[EXERCISE REQUIREMENTS] Please reproduce, exactly as given, the lines running from the start of the data to the line containing "view of front facade with a garage", inclusive, and omit the pictures.

(Short text fragments from websites)
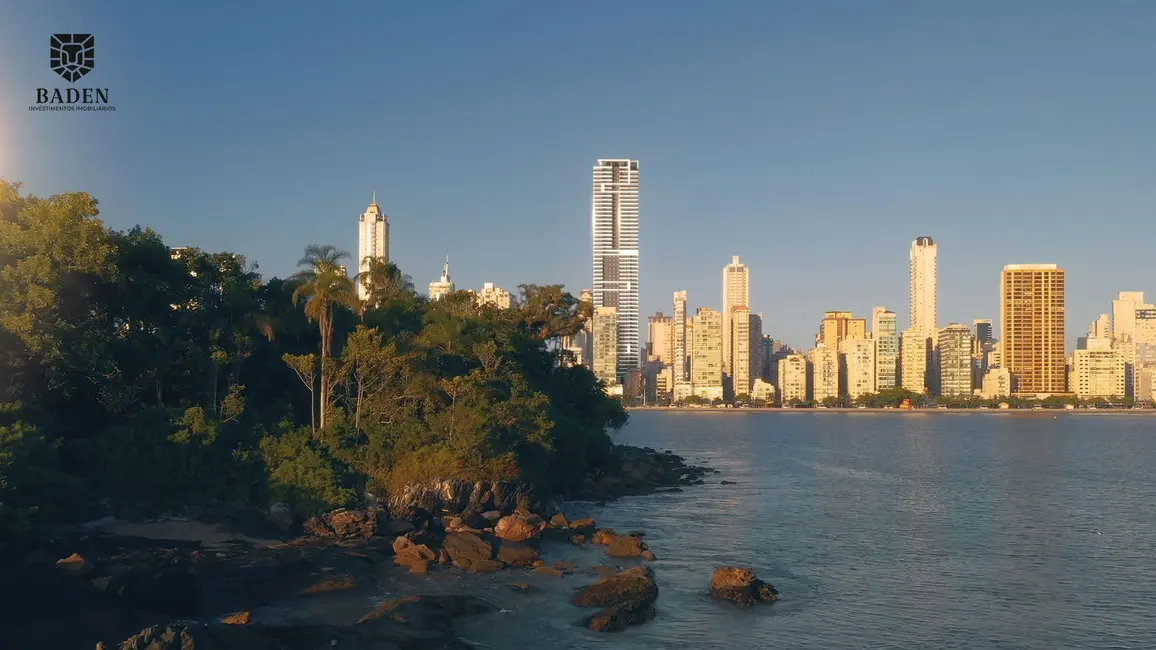 Apartamento com 4 quartos à venda, 178m2 em Centro, Balneario Camboriu - SC - imagem 3 Foto 3 de Apartamento com 4 quartos à venda, 178m2 em Centro, Balneario Camboriu - SC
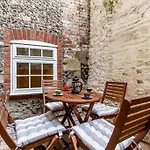 Luxury Apartment In The Centre Of Winchester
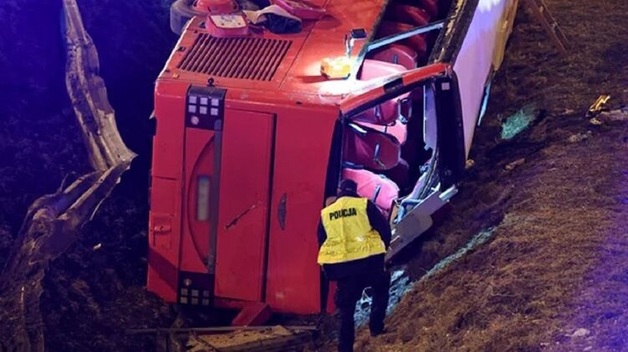 В Польше во время аварии рейсового автобуса погибли шесть украинцев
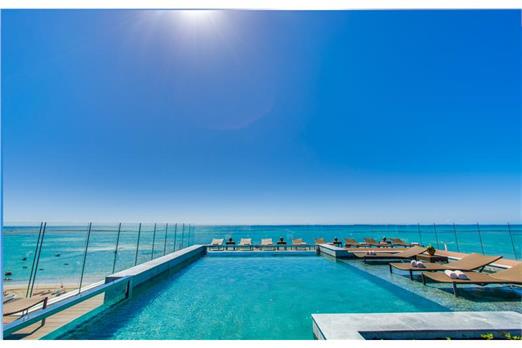 Pool longa menor.jpg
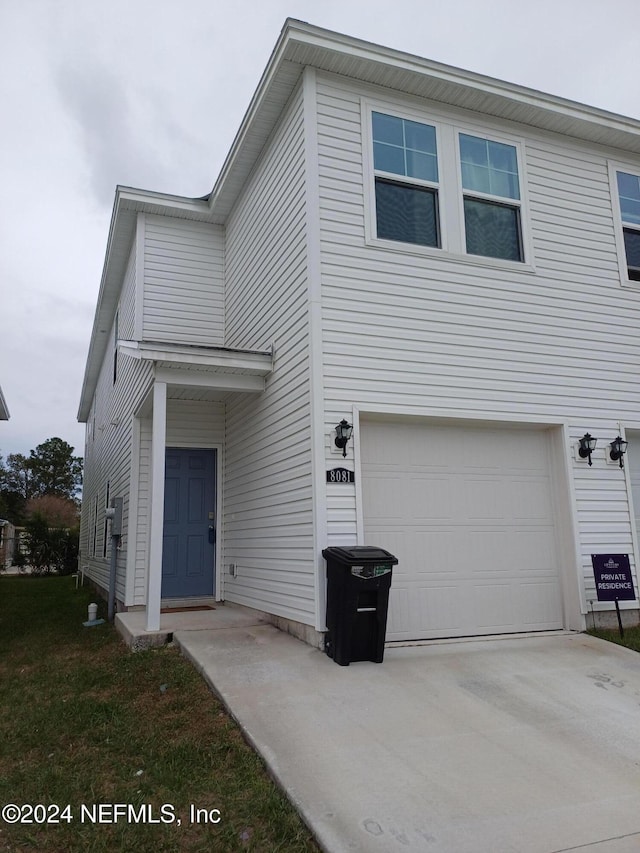 view of front facade with a garage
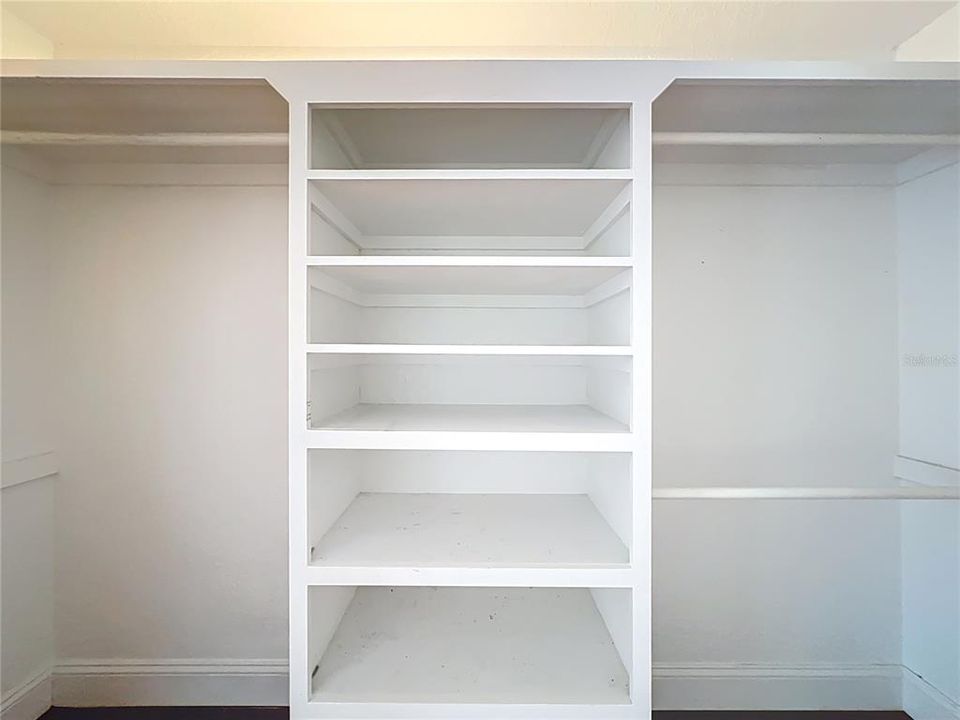 For Sale: $529,900 (2 beds, 2 baths, 1637 Square Feet)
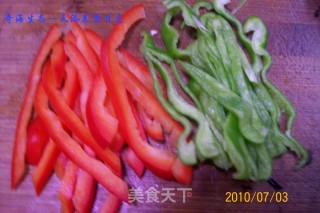 [1 Piece of Black Fish and 6 Dishes]-one of "fried Fish Fillet with Green Pepper and Zizania" recipe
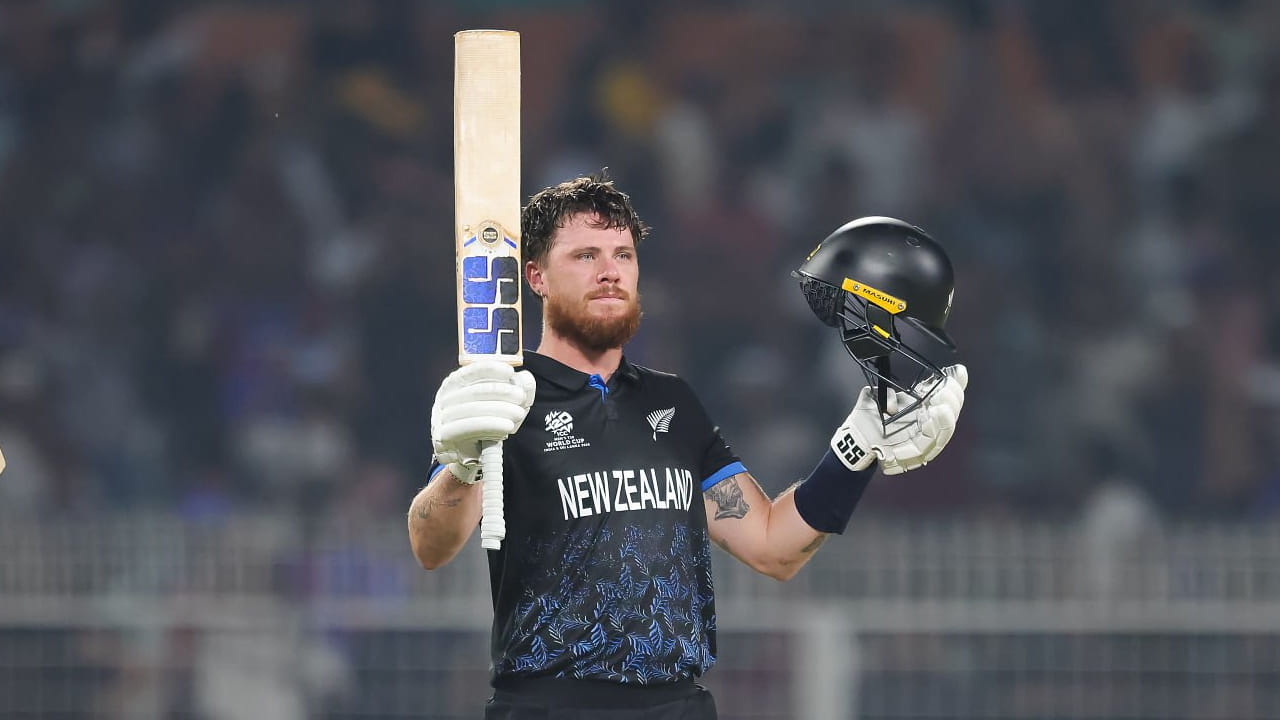 
 ಅತಿ ವೇಗದ ಶತಕ: ಟಿ20 ವಿಶ್ವಕಪ್​ ಇತಿಹಾಸದಲ್ಲೇ ಅತೀ ವೇಗದ ಶತಕದ ಸಿಡಿಸಿದ ದಾಖಲೆ ಫಿನ್ ಅಲೆನ್ ಪಾಲಾಗಿದೆ. ಇದಕ್ಕೂ ಮುನ್ನ ಈ ದಾಖಲೆ ಕ್ರಿಸ್ ಗೇಲ್ (47 ಎಸೆತ) ಹೆಸರಿನಲ್ಲಿತ್ತು. ಇದೀಗ ಕೇವಲ 33 ಎಸೆತಗಳಲ್ಲಿ ಶತಕ ಪೂರೈಸಿ ಅಲೆನ್ ವಿಶ್ವ ದಾಖಲೆಯನ್ನು ತಮ್ಮದಾಗಿಸಿಕೊಂಡಿದ್ದಾರೆ.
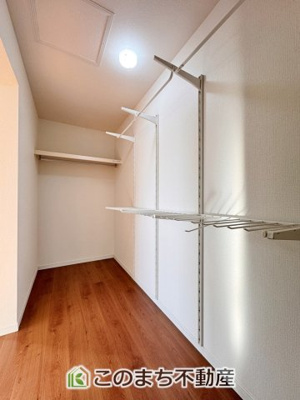 【収納】 | 宇都宮市宝木町2丁目戸建 | ウォークインクローゼットで収納もたっぷり確保しています。大型荷物も収納できて便利ですね！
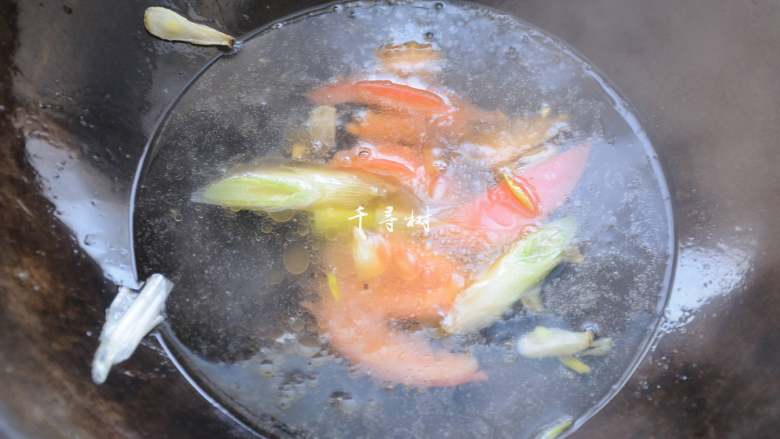 红烧茄子 百吃不厌的经典家常菜,倒入热水，大火烧开后转小火准备调味。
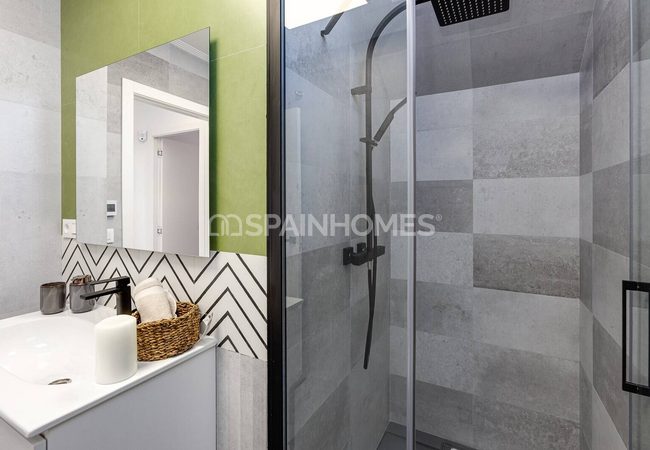 Stylish Villa Within Walking Distance to the Beach in Torrevieja 59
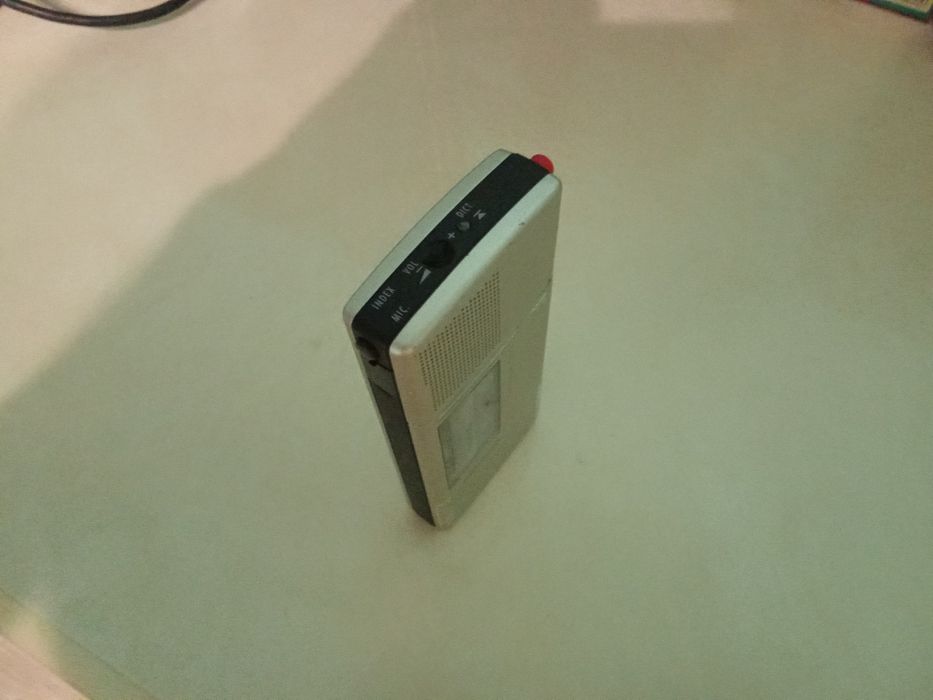 Продам диктофон грюндикт.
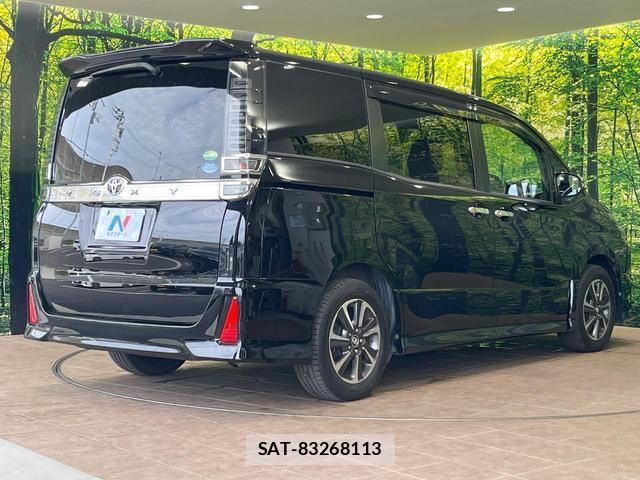 Toyota VOXY 2018-10 8814060-17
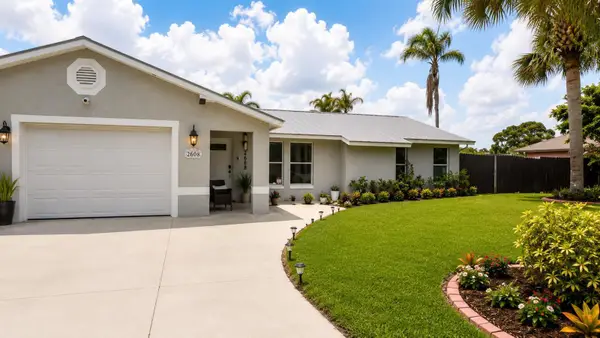 2068 SE Triumph Road, Port St Lucie, FL 34952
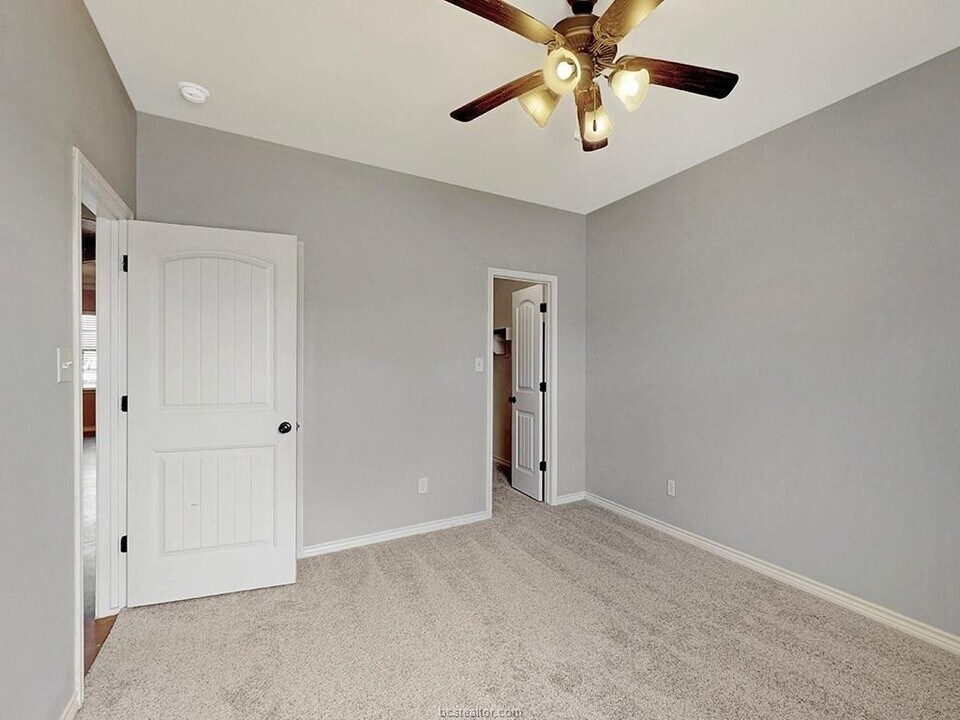 3310 Travis Cole Ave in College Station, TX - Building Photo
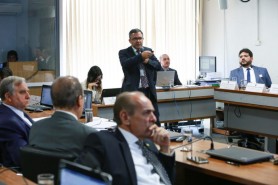 PREVIDÊNCIA: SENADORES DEFENDEM A INCLUSÃO DOS ESTADOS E MUNICÍPIOS NA REFORMA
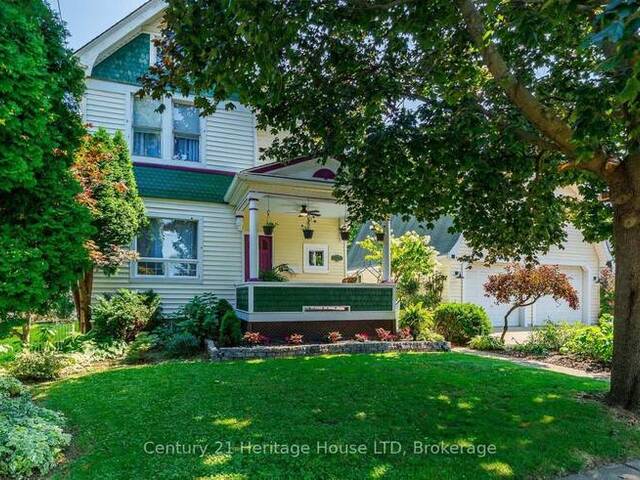 34 HENRY STREET St. Catharines Ontario, L2R 5T6 - 4 Bedrooms Home For Sale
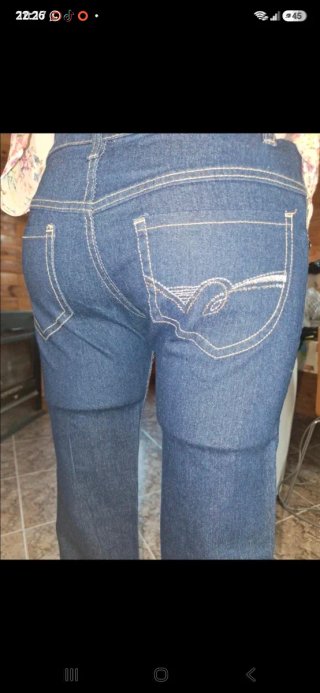 Pantalón vaquero niña talla 12 y blusa.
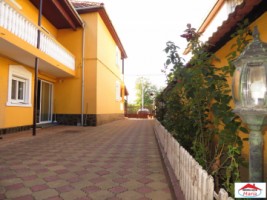 casa-buna-pentru-pensiune-sau-2-familii-id-22249-10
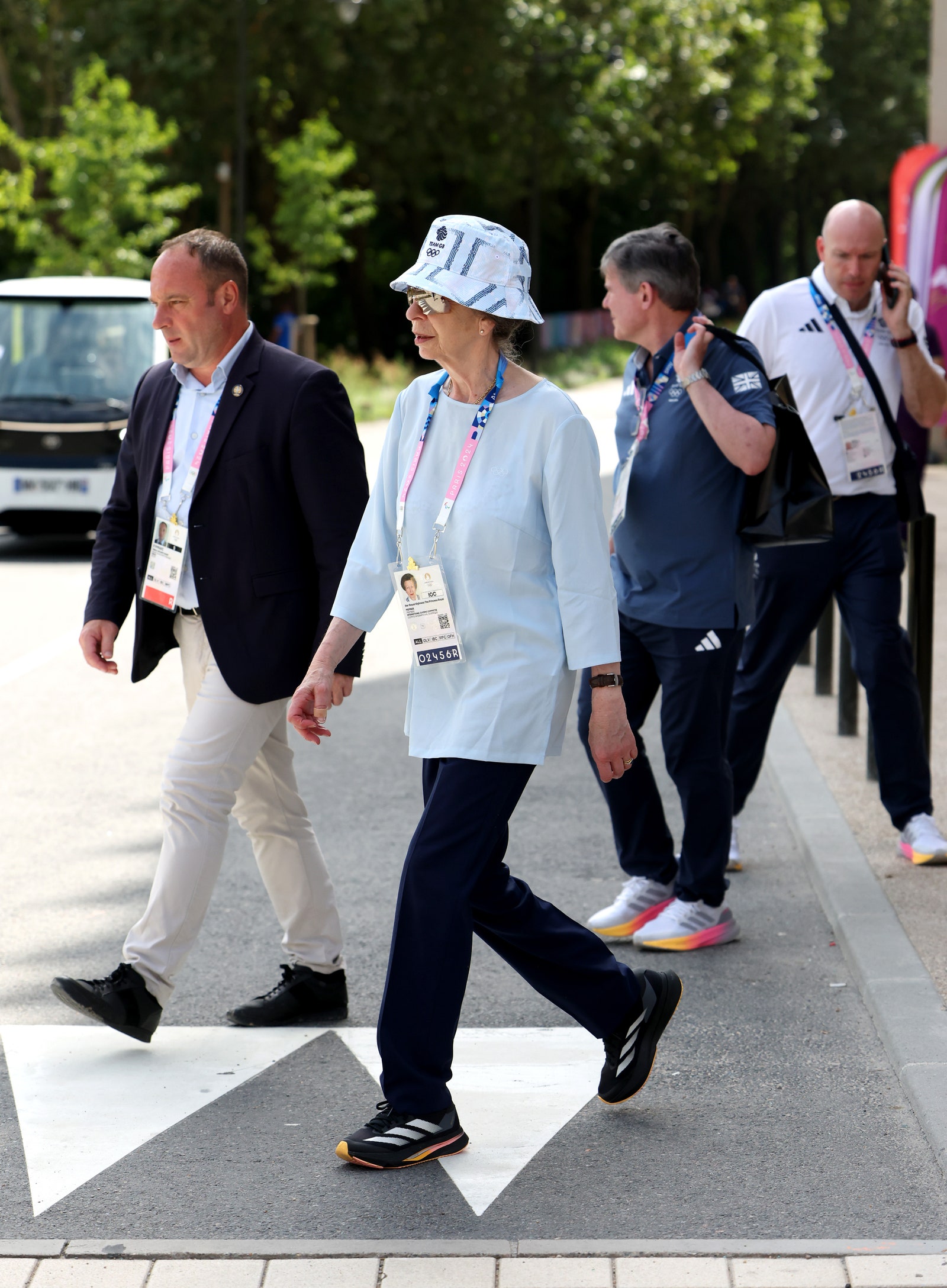 la princesa Ana con gafas de ciclista y bucket hat en los juegos olímpicos 2024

[SOLUTION]
 Apartamento com 4 quartos à venda, 178m2 em Centro, Balneario Camboriu - SC - imagem 3 Foto 3 de Apartamento com 4 quartos à venda, 178m2 em Centro, Balneario Camboriu - SC
 Luxury Apartment In The Centre Of Winchester
 В Польше во время аварии рейсового автобуса погибли шесть украинцев
 Pool longa menor.jpg
 view of front facade with a garage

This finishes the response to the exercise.